One of the reasons malware gets past corporate defences is that a single HTTP request can look perfectly innocent. However, according to research to be presented at a security conference next week, those requests reveal themselves if the defender takes a “big picture” view.
According to research to be presented at the Internet Society's Network and Distributed System Symposium, at a very large scale, the HTTP requests issued by users who make the mistake of clicking on a malware link become easy to identify – even without having to analyse the content of the HTTP content downloaded.
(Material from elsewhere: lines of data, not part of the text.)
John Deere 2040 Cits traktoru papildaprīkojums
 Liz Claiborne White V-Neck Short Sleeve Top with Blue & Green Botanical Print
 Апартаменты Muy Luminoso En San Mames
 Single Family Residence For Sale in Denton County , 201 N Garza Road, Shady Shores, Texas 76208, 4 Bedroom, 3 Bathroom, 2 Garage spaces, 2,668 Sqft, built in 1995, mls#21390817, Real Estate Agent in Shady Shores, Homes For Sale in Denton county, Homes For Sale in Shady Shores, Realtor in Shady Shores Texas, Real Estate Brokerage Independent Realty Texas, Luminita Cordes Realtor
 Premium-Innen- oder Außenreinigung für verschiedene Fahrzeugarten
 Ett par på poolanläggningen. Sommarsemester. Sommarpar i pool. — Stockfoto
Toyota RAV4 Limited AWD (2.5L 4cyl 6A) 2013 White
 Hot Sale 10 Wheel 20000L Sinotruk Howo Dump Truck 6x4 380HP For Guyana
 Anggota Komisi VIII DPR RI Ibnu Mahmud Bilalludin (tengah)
Led by Luca Invernizzi at UC Santa Barbera, the research was designed to avoid the pitfalls of current protection systems. “Drive-by exploits use the web to download malware binaries. Finally, Nazca does not perform any analysis of the content of web downloads, except for extracting their MIME type. That is, we do not apply any signatures to the network payload, do not look at features of the downloaded programs, and do not consider the reputation of the programs’ sources,” the paper states.
Instead, their system, dubbed Nazca, watches Web traffic between hosts on one side of the network, and the Internet, looking for connections associated with malware downloads.
When HTTP requests that Nazca is watching are downloading a possibly-suspicious EXE, the authors explain, they have learned to identify connection characteristics associated that are different from legitimate downloads. For example, malware authors' “evasive actions” such as “domain fluxing, malware repackaging, and the use of malware droppers for multi-step installations” make an attack easier to recognise for Nazca.
That information is aggregated to identify related, malicious activity – and thus to reduce the rate of false positives, they say.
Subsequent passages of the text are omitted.